J’ai eu de la chance de rencontrer Arabov dès le VGIK, et je suis infiniment reconnaissant à la remarquable pédagogue Livia Alexandrovna Zvonnikova de nous avoir mis en relation. Un jour, je lui ai raconté mon projet : tourner une adaptation de La Rivière Potudan d’Andreï Platonov. Elle m’a présenté à Youri Arabov, un étudiant en écriture scénaristique. Depuis lors, je suis très fortement lié à la personne avec laquelle j’ai fait presque tous mes films de fiction. Et ce, quelles que soient nos différences.
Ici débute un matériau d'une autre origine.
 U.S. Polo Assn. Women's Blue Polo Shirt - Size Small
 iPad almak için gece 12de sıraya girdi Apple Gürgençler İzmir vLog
J’aime les concerts de musique classique, il ne s’y rend presque jamais. Je n’aime pas le cinéma hollywoodien qui lui plaît. C’est un admirateur des Beatles, mais pour moi c’est une station que j’ai laissé passer sans m’arrêter. Néanmoins, nous travaillons ensemble depuis plus d’un quart de siècle.
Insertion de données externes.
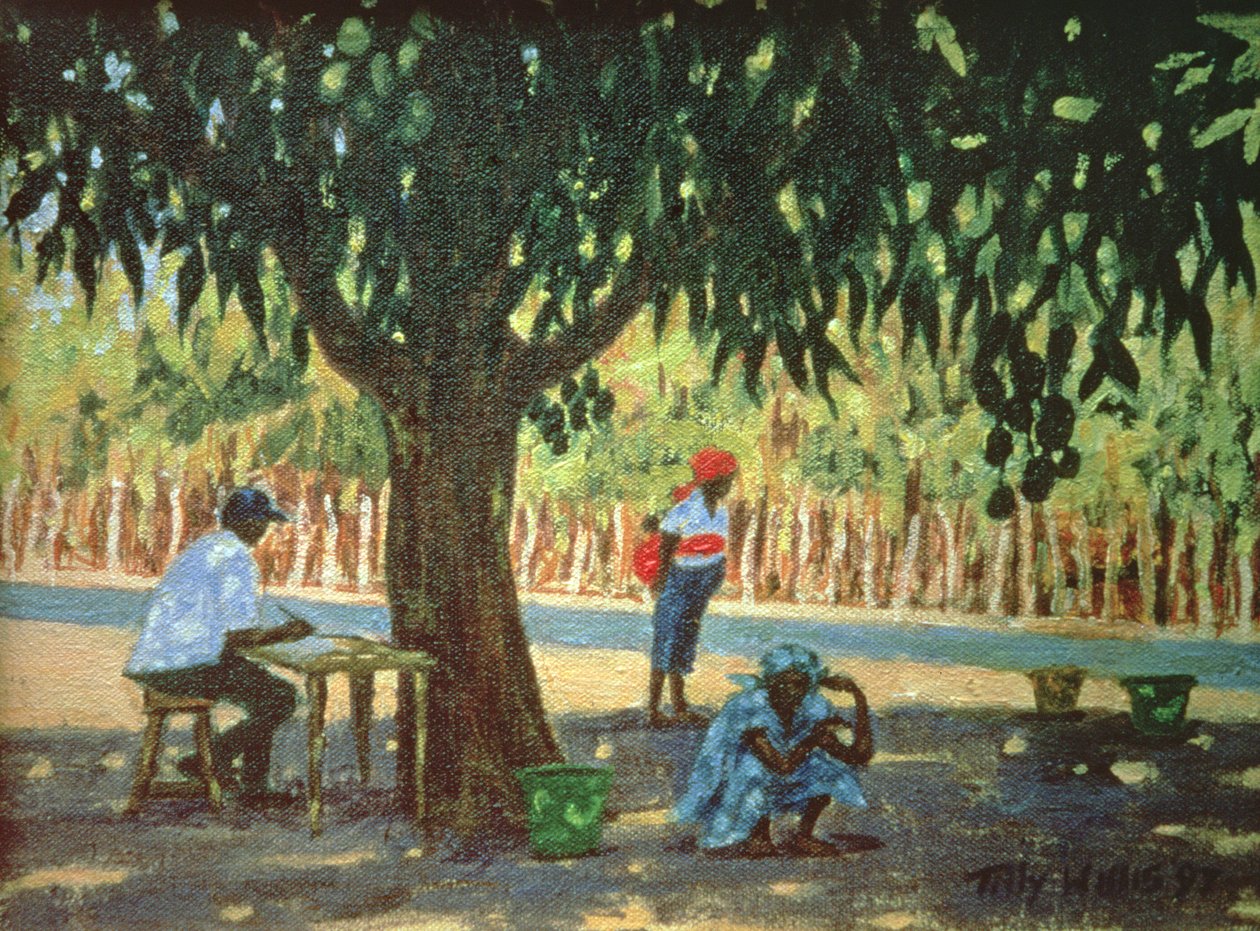 Czekając na autobus, 1997 autorstwa Tilly Willis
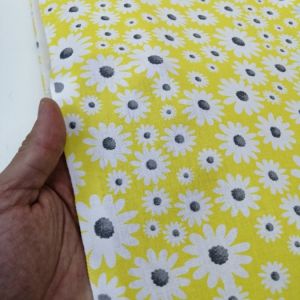 Sarı Papatyalar Poplin Kumaş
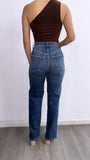 Sergio High Rise Dad Jeans-Dark Wash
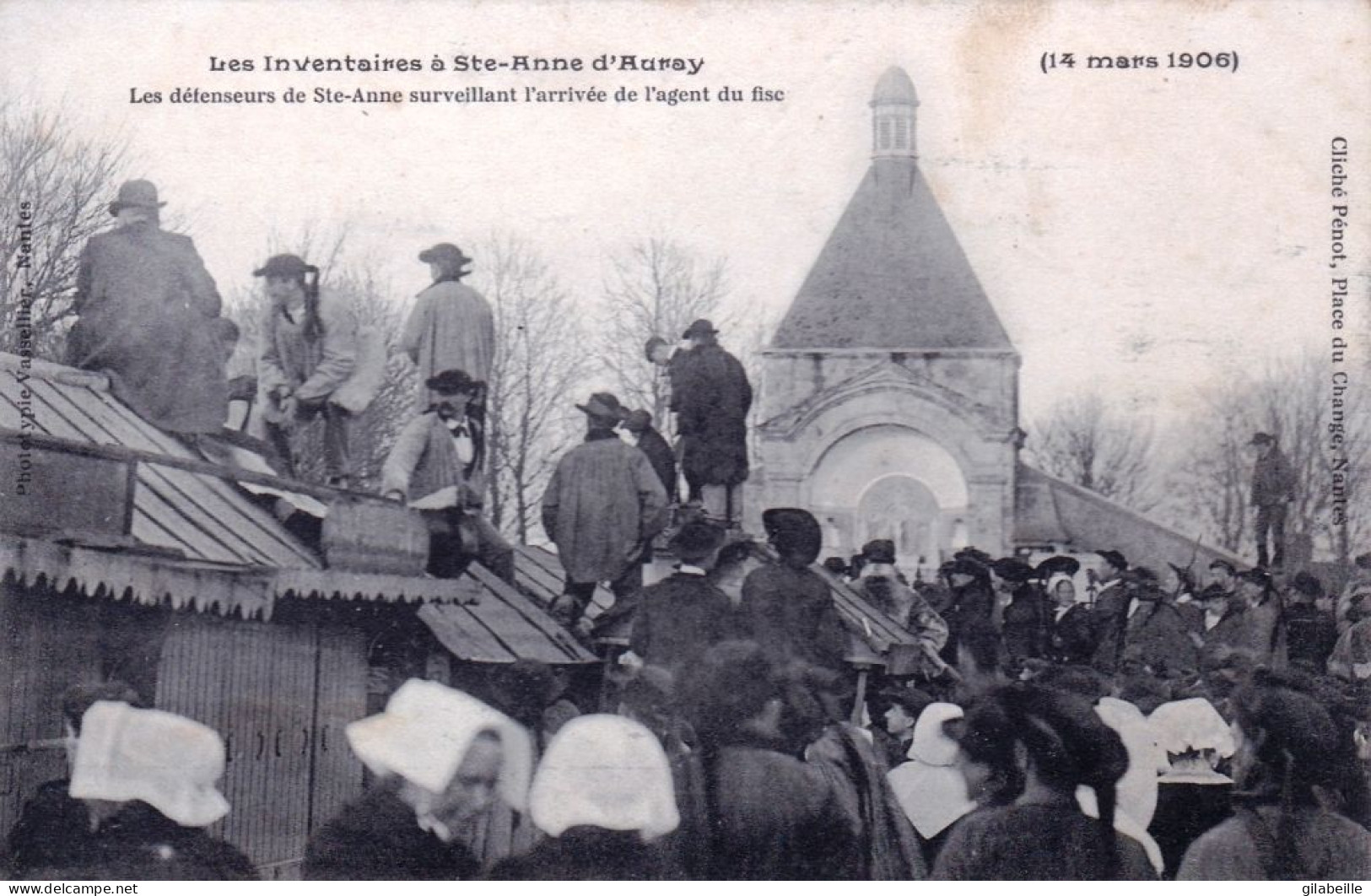 56 - Les Inventaires A SAINTE ANNE D AURAY - Les Defenseurs Surveillant L Arrivée De L Agent Du Fisc - Sainte Anne D'Auray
Notre premier film, adapté de Platonov, a suscité de tels ennuis, une telle colère en haut lieu que j’ai pris conscience que nous avions visé juste. Cette histoire a été extrêmement dangereuse pour nous deux. On m’excluait de l’institut — ce qui rendait sans espoir la suite de mon destin. Il ne m’a pas abandonné, il n’a pas essayé de se cacher dans l’ombre. Il m’a accompagné dans toutes ces douloureuses étapes en comprenant parfaitement ce qu’il pouvait lui en coûter. Fidélité, probité, honnêteté, sérieux, j’avais compris alors que Youri possédait toutes ces qualités à un très haut degré. Et plus tard, quand on ne voulut pas me laisser rentrer à Lenfilm pour faire un film de fiction, Youri écrivait scénario sur scénario sans le moindre espoir que ne l’un d’eux soit tourné. Rien que pour Tiouttchev, qui d’ailleurs ne fut pas réalisé, il en avait écrit sept versions, qui furent rejetées les unes après les autres. C’est aussi ce qui s’est passé avec Une Triste Indifférence, qui par miracle fut acceptée, par miracle fut tournée et… laissée sur une étagère. Il est resté à côté de moi durant toutes ces années, sans chercher à me convaincre de faire des compromis, sans se lamenter, sans renier son camarade indésirable à ce monde. Il est aujourd’hui difficile de comprendre à quel point était élevé le prix à payer pour notre amitié, notre collaboration artistique et notre renommée. 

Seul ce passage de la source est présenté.